I migrated it to the package.json file, and one thing that I missed straight away is the comments 🙈 I have no way to explain what the -i flag does and why certain packages are excluded

[nlordell]

git blame 😛

True that JSON doesn't allow for comments which is annoying 😞

[coveralls]

Pull Request Test Coverage Report for Build 9808488628

Details

• 0 of 0 changed or added relevant lines in 0 files are covered.
• No unchanged relevant lines lost coverage.
• Overall coverage remained the same at 100.0%

---

Totals
Change from base Build 9807171647:	0.0%
Covered Lines:	39
Relevant Lines:	39

---

💛 - Coveralls

[nlordell]

Unrelated nit that I'm just noticing now: it feels weird that we write dependencies differently for different packages in our repository. Here, we are using "x.y.z", while in others we are using "^x.y.z", even though there is nothing special about these dependencies for expressing them differently from a semver perspective.

Not for this PR, just something that I wanted to bring up.

[mmv08]

Maybe there's a purpose, the problem is that there are no comments allowed in the package.json, so that knowledge may be lost. There are some hacky solutions though: https://stackoverflow.com/questions/14221579/how-do-i-add-comments-to-package-json-for-npm-install

[nlordell]

These packages are getting pinned by the lock file. The places where versioning matters more are for dependencies, because those get transitively installed.
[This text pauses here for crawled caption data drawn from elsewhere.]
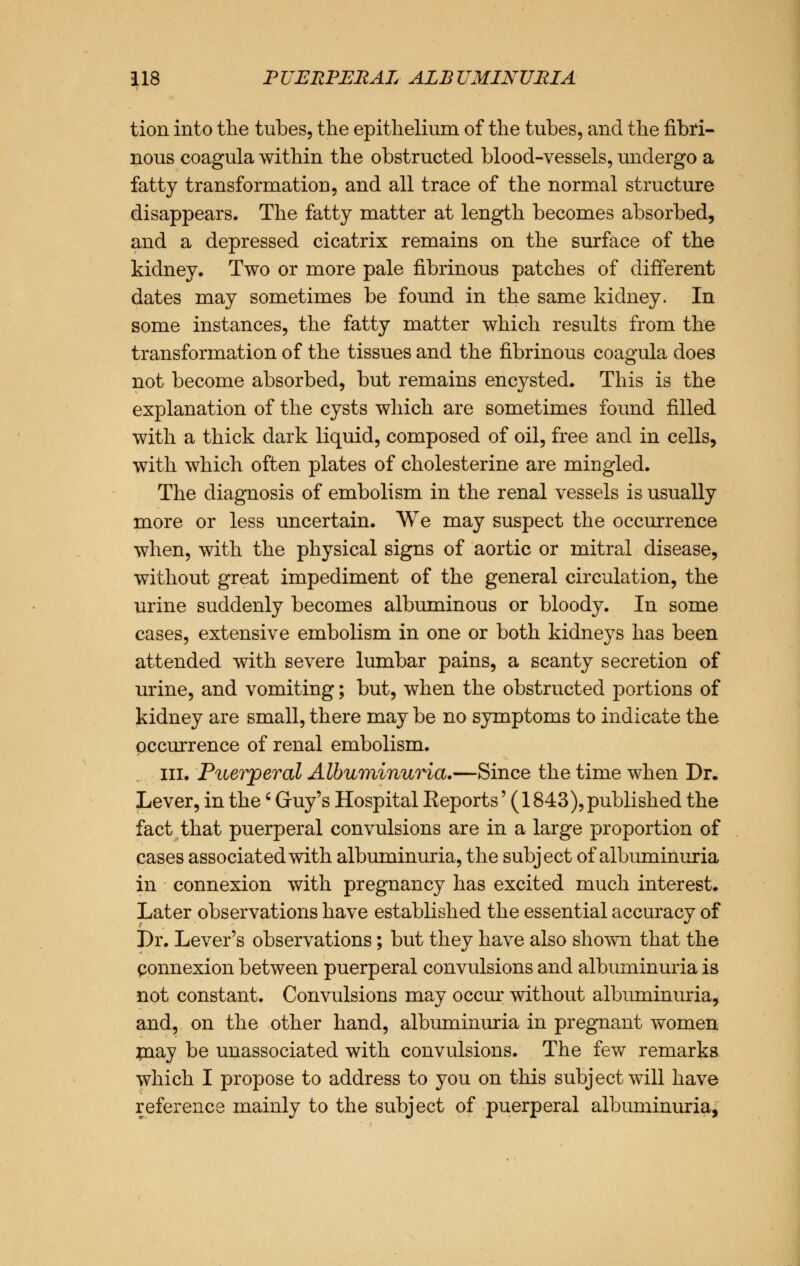 tion into the tubes, the epithelium of the tubes, and the fibri- nous coagula within the obstructed blood-vessels, undergo a fatty transformation, and all trace of the normal structure disappears. The fatty matter at length becomes absorbed, and a depressed cicatrix remains on the surface of the kidney. Two or more pale fibrinous patches of different dates may sometimes be found in the same kidney. In some instances, the fatty matter which results from the transformation of the tissues and the fibrinous coagula does not become absorbed, but remains encysted. This is the explanation of the cysts which are sometimes found filled with a thick dark liquid, composed of oil, free and in cells, with which often plates of cholesterine are mingled. The diagnosis of embolism in the renal vessels is usually more or less uncertain. We may suspect the occurrence when, with the physical signs of aortic or mitral disease, without great impediment of the general circulation, the urine suddenly becomes albuminous or bloody. In some cases, extensive embolism in one or both kidneys has been attended with severe lumbar pains, a scanty secretion of urine, and vomiting; but, when the obstructed portions of kidney are small, there may be no symptoms to indicate the occurrence of renal embolism. in. Puerperal Albuminuria.—Since the time when Dr. Lever, in the' Guy's Hospital Eeports' (1843), published the fact that puerperal convulsions are in a large proportion of cases associated with albuminuria, the subject of albuminuria in connexion with pregnancy has excited much interest. Later observations have established the essential accuracy of Dr. Lever's observations; but they have also shown that the connexion between puerperal convulsions and albuminuria is not constant. Convulsions may occur without albuminuria, and, on the other hand, albuminuria in pregnant women may be unassociated with convulsions. The few remarks which I propose to address to you on this subject will have reference mainly to the subject of puerperal albuminuria,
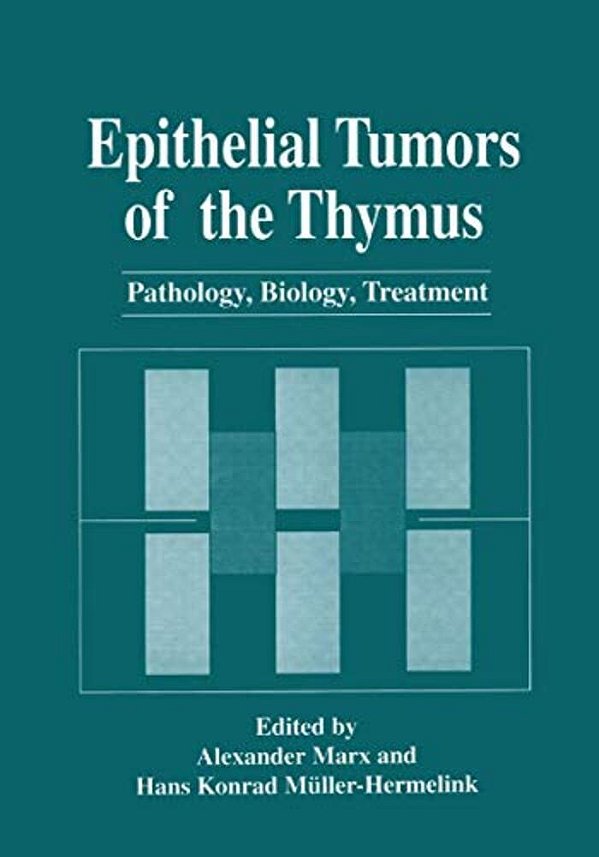 Epithelial Tumors Of The Thymus: Pathology, Biology, Treatment-..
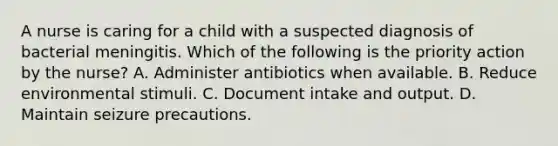 A nurse is caring for a child with a suspected diagnosis of bacterial meningitis. Which of the following is the priority action by the nurse? A. Administer antibiotics when available. B. Reduce environmental stimuli. C. Document intake and output. D. Maintain seizure precautions.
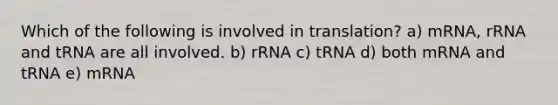 Which of the following is involved in translation? a) mRNA, rRNA and tRNA are all involved. b) rRNA c) tRNA d) both mRNA and tRNA e) mRNA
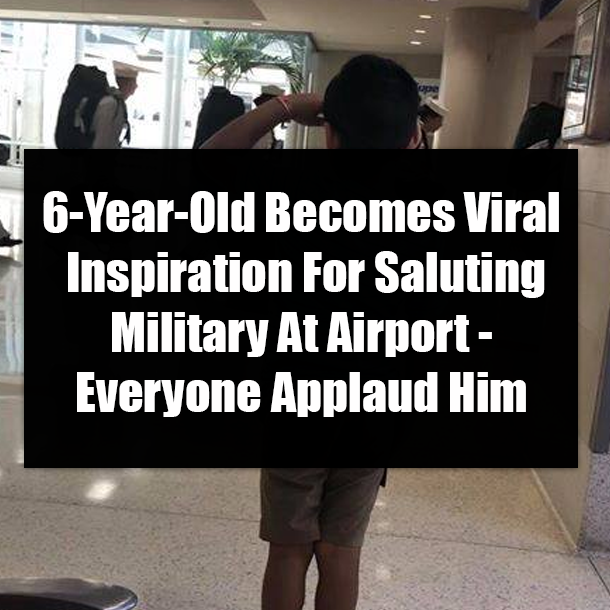 6-Year-Old Becomes Viral Inspiration For Saluting Military At Airport - Everyone Applaud Him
I think that git blame might be able to include documentation for these.

[nlordell]

Suggested change

	"sherif": "0.9.0"
	"sherif": "^0.9.0"

[mmv08]

They may not be following semver right?

[nlordell]

Don't think that matters - we have a lock file, so the version gets pinned anyway. Also I think this version should follow semver (not super clear, but the docs say that it "must be parseable by node-semver", which itself is a semantic versioning package for NodeJS).

[nlordell]

One more question here: #452 (comment), but approving to reduce back-and-forth.

[coveralls]

Pull Request Test Coverage Report for Build 9842375074

Details

• 0 of 0 changed or added relevant lines in 0 files are covered.
• No unchanged relevant lines lost coverage.
• Overall coverage remained the same at 100.0%

---

Totals
Change from base Build 9807474017:	0.0%
Covered Lines:	90
Relevant Lines:	90

---

💛 - Coveralls

[nlordell]

This is a transitive dependency from account-abstraction (whose package has a bug and doesn't correctly include the contracts as a dependency) and uses version 5.0.0:

https://github.com/eth-infinitism/account-abstraction/blob/7af70c8993a6f42973f520ae0752386a5032abe7/yarn.lock#L901-L904

I would suggest marking this as:

Suggested change

	"@openzeppelin/contracts": "^5.0.2",
	"@openzeppelin/contracts": "=5.0.0",

To indicate this is an exact version on purpose.

[mmv08]

Actually, they do include it as a dependency (I created a PR to fix it). We have it because hardhat can't resolve pnpm modules correctly: NomicFoundation/hardhat#4292

[nlordell]

Ah, good find.

Should we use 5.0.0 though, so it matches the version in the repository?

[mmv08]

We only use the AA dependency in tests and do not depend on the same bytecode, so I think it's fine. Openzeppelin package is also following semver so I think it's in the allowed version range.

[mmv08]

Oops, I accidentally commited the fix. Still good with me though

[nlordell]

Wait - if its only used in tests, then I think it should be a devDependency. I'm so confused 😭

[nlordell]

Approving once again - I think some of the discussions around dependencies should happen, but they don't need to for this PR to merge since this is only about adding sherif for linting (so I'm sorry I keep on bringing them up 🙈).